Built out of magnetized basalt crystals, some weighing up to 50 tons, this city contains over 250 million tons of prismatic basalt stacked up in artificial islands and structures over an 11 square mile area. Nan Madol is built onto a coral reef and much of the city is underwater! Natives claim that conventional explanations for the construction do not work and that the methods used include “brute force and magic.”
Many times over the years I have visited the awe-inspiring city with its 40-foot high walls and gone by boat through the spacious ruins. The natives tell us how legend tells them the stones were magically flown through the air to be placed in the city. Today it is a dead city, a city of spirits.

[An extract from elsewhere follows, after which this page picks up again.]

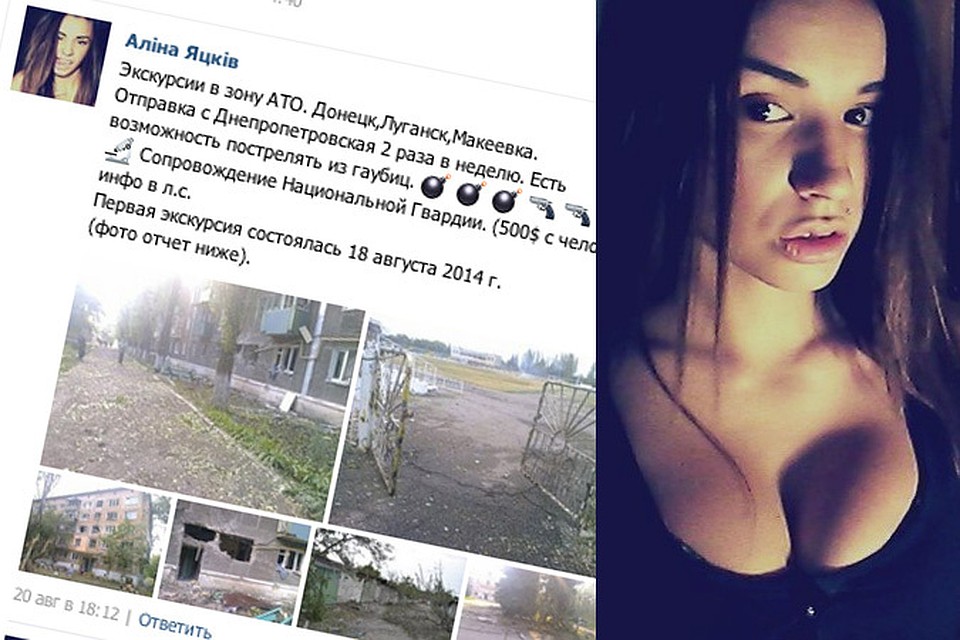 Дочь главы СБУ организует туры со стрельбой по «колорадам» из гаубиц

Pohnpei Island (formerly called Ponape) lies about 1600 kilometers northeast of New Guinea, and is the capital of the newly independent Federated States of Micronesia. On the southeast corner of this small volcanic island lies an immense megalithic stone city, 28 square kilometers in size, called Nan Madol. The city is impressive by any standards and even more remarkable when one considers that many of the inhabitants of the island today live in grass huts.
No one knows who built this city, when it was built, how it was built, or why it was built. The bones of humans who are much larger than the Micronesians who live there now have been excavated at Nan Madol.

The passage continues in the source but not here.